Question

If ${\tan }^{-1}y=4{\tan }^{-1}x(|x|<\tan \frac{\pi }{8})$, then which of the following options is (are) CORRECT?

• A. $\tan \frac{\pi }{8}$ is a root of $x^4+6x^2-1=0$
• B. $\tan \frac{\pi }{8}$ is a root of $x^4-6x^2+1=0$
• C. $\tan \frac{\pi }{16}$ is a root of $x^4+4x^3-6x^2-4x+1=0$
• D. $\tan \frac{\pi }{16}$ is a root of $x^4-4x^3-6x^2+4x+1=0$

Answer 1

Answer: (B), (C)

The correct options are
B $\tan \frac{\pi }{8}$ is a root of $x^4-6x^2+1=0$
C $\tan \frac{\pi }{16}$ is a root of $x^4+4x^3-6x^2-4x+1=0$

${\tan }^{-1}y=4{\tan }^{-1}x$
$\Rightarrow {\tan }^{-1}y=2{\tan }^{-1}\left(\frac{2x}{1-x^2}\right)$ as $|x|<1$

Since, $\tan 2A=\frac{2\tan A}{1-{\tan }^{2}A}$
$\Rightarrow \tan \frac{\pi }{4}=\frac{2\tan \frac{\pi }{8}}{1-{\tan }^2\frac{\pi }{8}}=1$
$\Rightarrow 2\tan \frac{\pi }{8}=1-{\tan }^2\frac{\pi }{8}$
$\Rightarrow {(1+\tan \frac{\pi }{8})}^2=2$
Now, $|x|<\tan \frac{\pi }{8}$
$\Rightarrow (1+|x|{)}^2<2$
$\Rightarrow 1+x^2+2|x|<2$
$\Rightarrow 2|x|<1-x^2$
$\Rightarrow \left|\frac{2x}{1-x^2}\right|<1$
So, we can use the property
$2{\tan }^{-1}x={\tan }^{-1}\frac{2x}{1-x^2},\text{if}|x|<1$

$\therefore {\tan }^{-1}y={\tan }^{-1}\frac{\frac{4x}{1-x^2}}{1-\frac{4x^2}{(1-x^2{)}^2}}$
$\Rightarrow {\tan }^{-1}y={\tan }^{-1}\frac{4x(1-x^2)}{x^4-6x^2+1}$
$\Rightarrow y=\frac{4x(1-x^2)}{x^4-6x^2+1}$

If $x=\tan \frac{\pi }{8}$,
then ${\tan }^{-1}y=4{\tan }^{-1}x=\frac{\pi }{2}$
$\Rightarrow y=\frac{1}{0}=\frac{4x(1-x^2)}{x^4-6x^2+1}\Rightarrow x^4-6x^2+1=0$
Hence, $\tan \frac{\pi }{8}$ is a root of $x^4-6x^2+1=0$.

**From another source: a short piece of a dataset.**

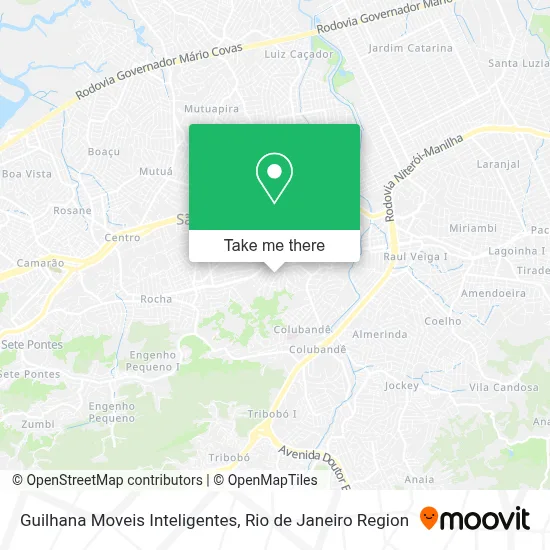 Guilhana Moveis Inteligentes map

If $x=\tan \frac{\pi }{16}$,
then ${\tan }^{-1}y=4{\tan }^{-1}x=\frac{\pi }{4}$
$\Rightarrow y=1=\frac{4x(1-x^2)}{x^4-6x^2+1}\Rightarrow x^4+4x^3-6x^2-4x+1=0$
Hence, $\tan \frac{\pi }{16}$ is a root of $x^4+4x^3-6x^2-4x+1=0$.